GridX1 is a Canadian grid project. The main project page is here. This area is for the development of documentation, installation and user instructions.

Contents

[edit] Installation Instructions

[edit] User Interface

  • Download the 6.7.10 developments release, for you OS, from Condor downloads. There is some simple registration procedure.
  • The rpm installs into /opt/condor-6.7.10. Make a soft link
ln -s /opt/condor-6.7.10 /opt/condor
  • These directories store the persistant queue info and should be kept when upgrading, hence the path.
mkdir -p /opt/condor_var/spool /opt/condor_var/log
  • Then you need to edit /opt/condor/etc/condor_config
CONDOR_HOST=condorg.triumf.ca
RELEASE_DIR             = /opt/condor
LOCAL_DIR               = /opt/condor_var
CONDOR_ADMIN            = whatever
ENABLE_GRID_MONITOR = TRUE
GRIDMANAGER_MAX_SUBMITTED_JOBS_PER_RESOURCE=5000
GRIDMANAGER_MAX_PENDING_SUBMITS_PER_RESOURCE=5
GRIDMANAGER_MAX_PENDING_REQUESTS=1000
GRIDMANAGER_GAHP_CALL_TIMEOUT = 900
  • Paste below to /etc/init.d/condor
#! /bin/sh
#
# condor       Start/Stop condor processes
#
# chkconfig: 345 90 10
# description: all condor related processes are bootstrapped here.
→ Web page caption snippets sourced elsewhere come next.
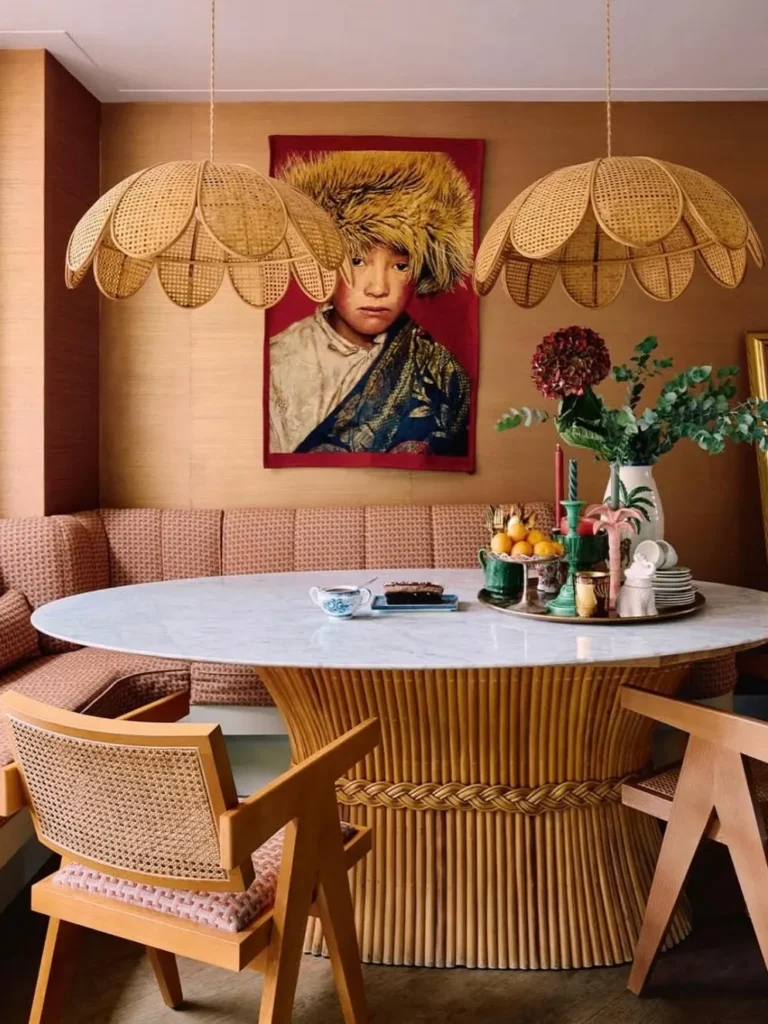 Dining Nook With Statement Portrait Wall Decor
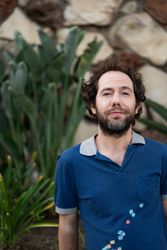 Portrait of man smiling and looking at camera in front of stone wall and plant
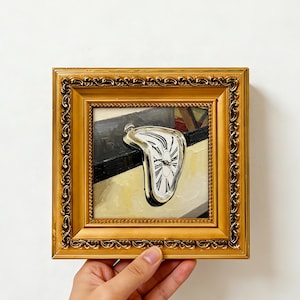 May include: A small square oil painting in an ornate gold frame depicting a melting pocket watch draped over a ledge. The watch face is white with black Roman numerals and hands. The background features a black and cream surface. Text reads SHHZD FINDS.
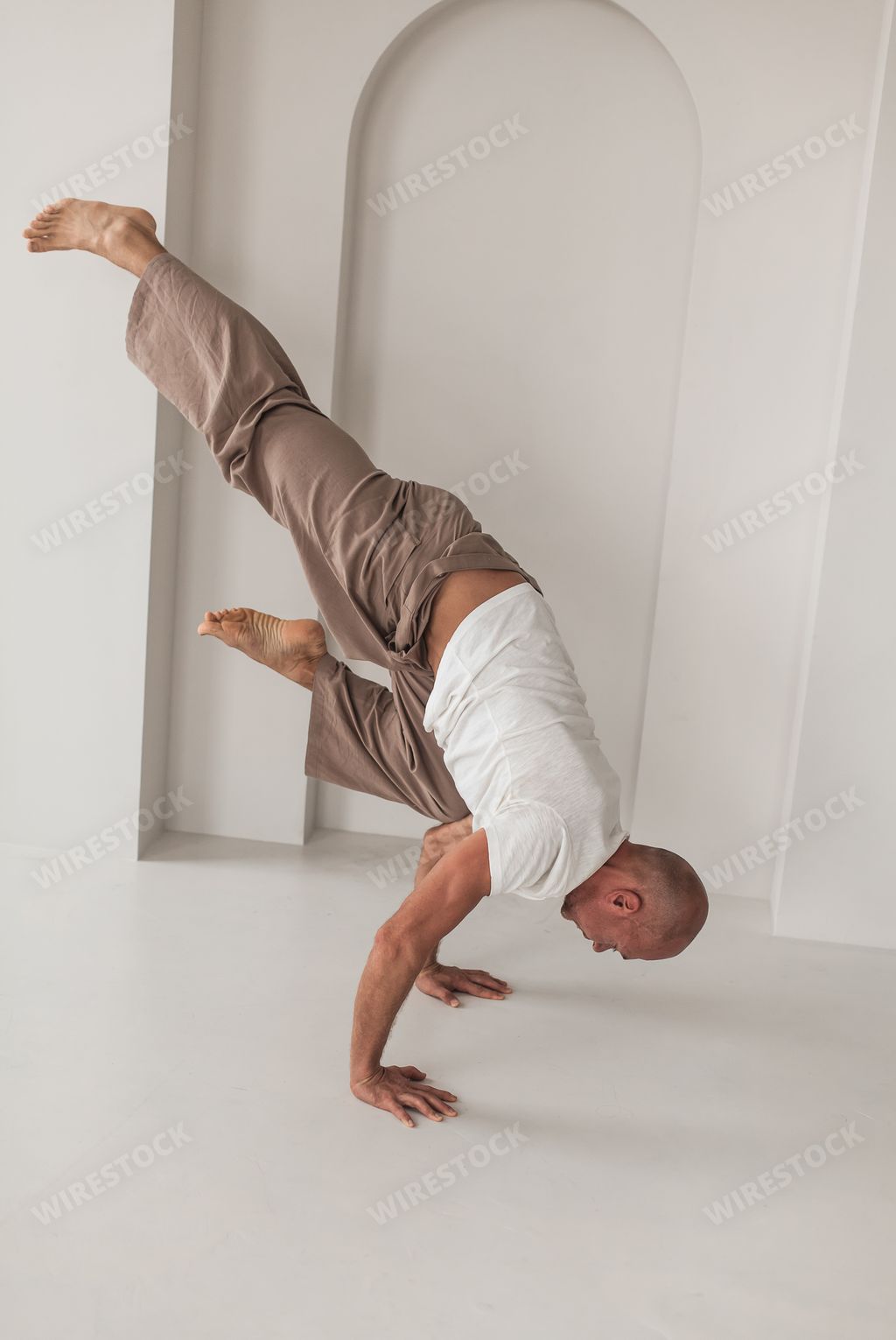 An athletic bald Russian male practicing yoga in a white studio. Healthy lifestyle concept.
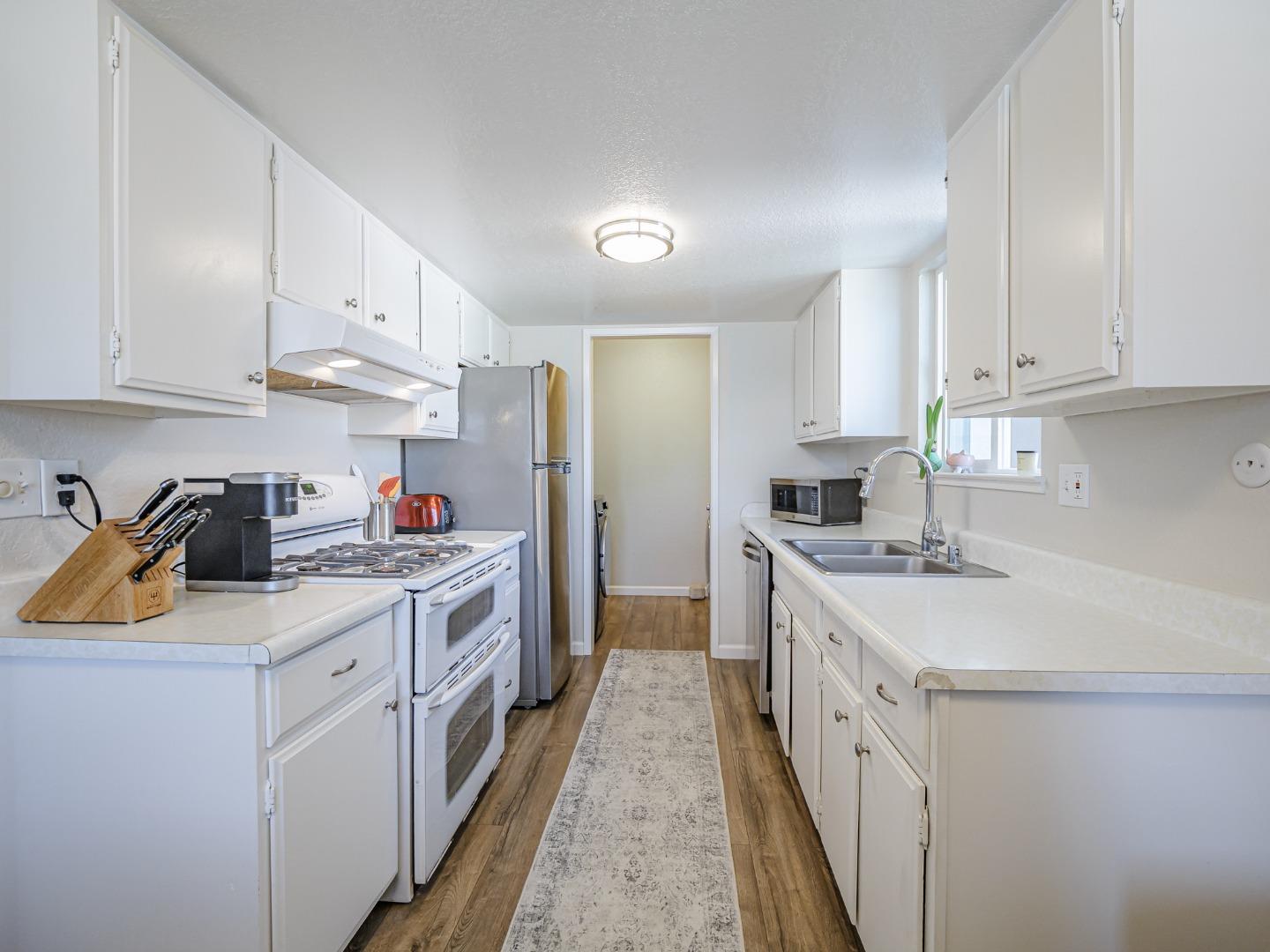 569 Cedar Drive Watsonville, CA 95076 - Photo 9 of 30 a kitchen with stainless steel appliances granite countertop a sink stove refrigerator and cabinets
# Source function library.
. /etc/init.d/functions

export CONDOR_CONFIG=/opt/condor/etc/condor_config
export PATH=$PATH:/opt/condor/bin:/opt/condor/sbin
export CONDOR_IDS=0.0

prog=condor
lock=/var/lock/subsys/condor

RETVAL=0

pids=`/sbin/pidof condor_master`
if [ "$pids" != "" ] ; then
        running=1
else
        running=0
fi
start() {
        echo -n $"Starting $prog: "
        ## being extra careful : check both lock file and PIDs
        startit=0

        if [ ! -f "$lock" ]; then
          if [ "$running" = "1" ] ; then
            echo $" is already running..."
          else
            startit=1
          fi
        else ## lock file exists - should it?
          if [ "$running" = "1" ] ; then
            echo $" is already running..."
          else
            startit=1
          fi
        fi
        if [ "$startit" = "1" ] ; then
          daemon /opt/condor/sbin/condor_master
          RETVAL=$?
          echo
          [ $RETVAL -eq 0 ] && touch $lock
          return $RETVAL
        fi
}


stop() {
        echo -n $"Stopping $prog: "
        stopit=0
        if [ "$running" = "1" ] ; then
          stopit=1
        else
          echo $" is not running..."
          rm -f $lock 2>/dev/null
        fi
        if [ "$stopit" = "1" ] ; then
          condor_off -master
          RETVAL=$?
          echo
          [ $RETVAL -eq 0 ] && rm -f $lock
          return $RETVAL
        fi
}

restart() {
        stop
        start
}

# See how we were called.
case "$1" in
  start)
        start
        ;;
  stop)
        stop
        ;;
  status)
        if [ "$running" = "1" ] ; then
          echo $"$prog is running ..."
          condor_status -master
        else
          echo $"$prog is not running..."
        fi
        ;;
  restart)
        restart
        ;;
  condrestart)
        if [ -f $lock ]  ; then
           stop
           start
        fi
        ;;
  *)
        echo $"Usage: $0 {start|stop|status|restart|condrestart}"
        exit 1
esac

exit $?
  • Start condor and make it start on reboot.
/etc/init.d/condor start
chkconfig condor on

[edit] Compute Element

[edit] Condor

  1. Download the 6.7.10 developments release, for you OS, from Condor downloads. There is some simple registration procedure.
  2. The rpm installs into /opt/condor-6.7.10. Make a soft link

ln -s /opt/condor-6.7.10 /opt/condor

[edit] BLAHP

This is the interface between Condor and the local batch system(only PBS or LSF supported). The condor local batch system doesn`t need an interface.

  1. Install glite

[edit] Submitting jobs

This section deals with submitting jobs to GridX1 via CondorG. There are two ways that one can do this: (1) defining one's own JDL (job definition language) file and job executable script, and (2) using some predefined templates.

[edit] Method I

The JDL file is used by CondorG to submit the job executable. Included below is a rather basic template that can be used to submit a job to hep.westgrid.ca. To use this template, replace anything between << >>. Note that the job executable is sent over the network by CondorG to a worker node, so it is best to use a small shell script which takes care of fetching input files, executables, etc. once the job has landed on a node.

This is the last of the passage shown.